Swiss pianist Nik Bartsch calls his music Zen Funk.

Stoa: clean-lined, but not bloodless.


By John Shand

Swiss pianist Nik Bartsch calls his music Zen Funk. The ascetic Japanese connotation in this and the band's name is well placed. Layering jazz interaction over funk rhythms is hardly new, but Bartsch's innovation is to score virtually all the music, assembling it in evolving, repeated patterns closely related to Steve Reich-style minimalism. What results is Spartan and clean-lined, but not bloodless.
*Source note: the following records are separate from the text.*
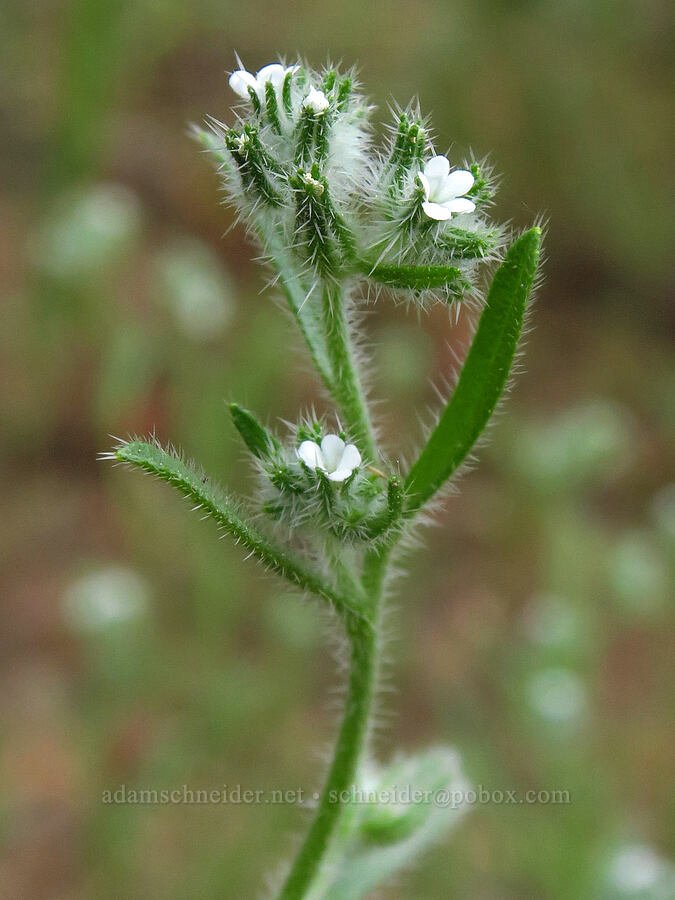 tiny cryptantha (Cryptantha sp.) [Stafford Creek Trail, Okanogan-Wenatchee National Forest, Kittitas County, Washington]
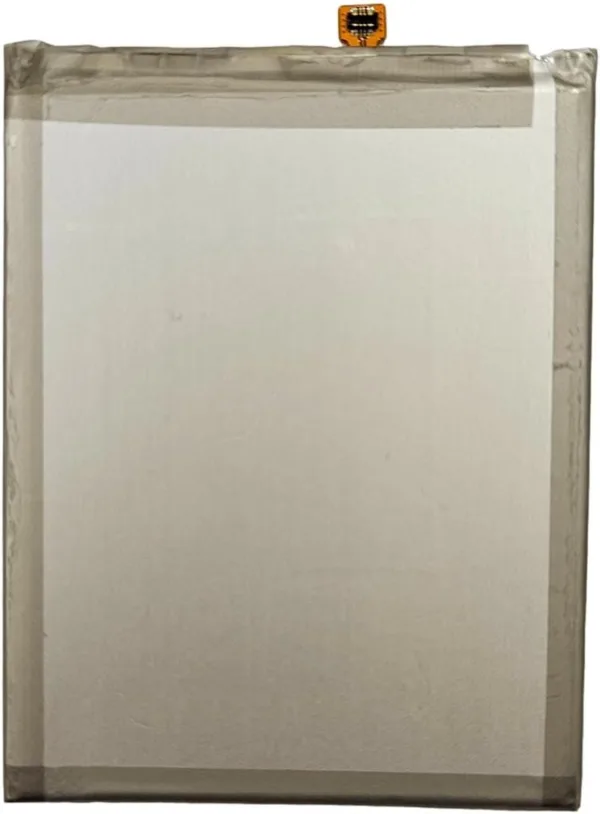 BOK ZL AC SL jpg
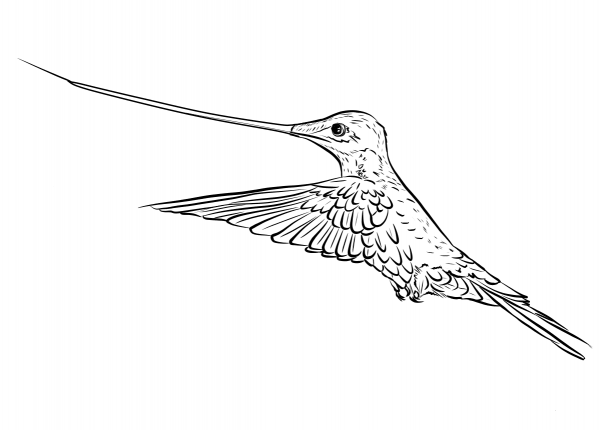 Sword-billed Hummingbird  coloring page image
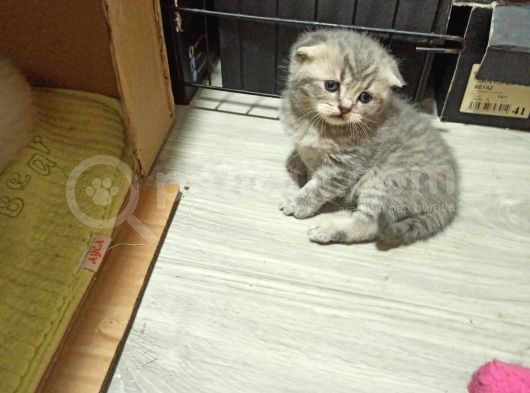 Blue Point Ve Whiskas Yavrularımız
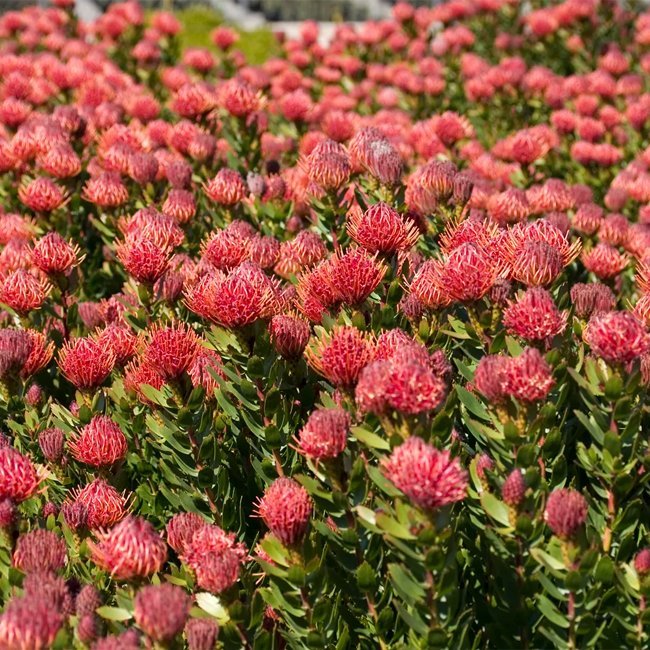 Leucospermum Carnival Red - Ladybird Nursery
The rhythmic precision underpinning the music is so exact it seems heightened, like a super-realist painting. This demands disciplined musicianship, and that is amply supplied by Bartsch's band, which, like his music's form and metres, is oddly configured. His piano and electric piano are joined by bass guitarist Bjorn Meyer, drummer Kaspar Rast, percussionist Andi Pupato and the Sha on contrabass and bass clarinet.

The piano's lines can be edgy or supremely melodic, beneath which meticulous but exciting grooves ensure the repetitions (in pieces such as Modul 32 and Modul 33) are never soporific.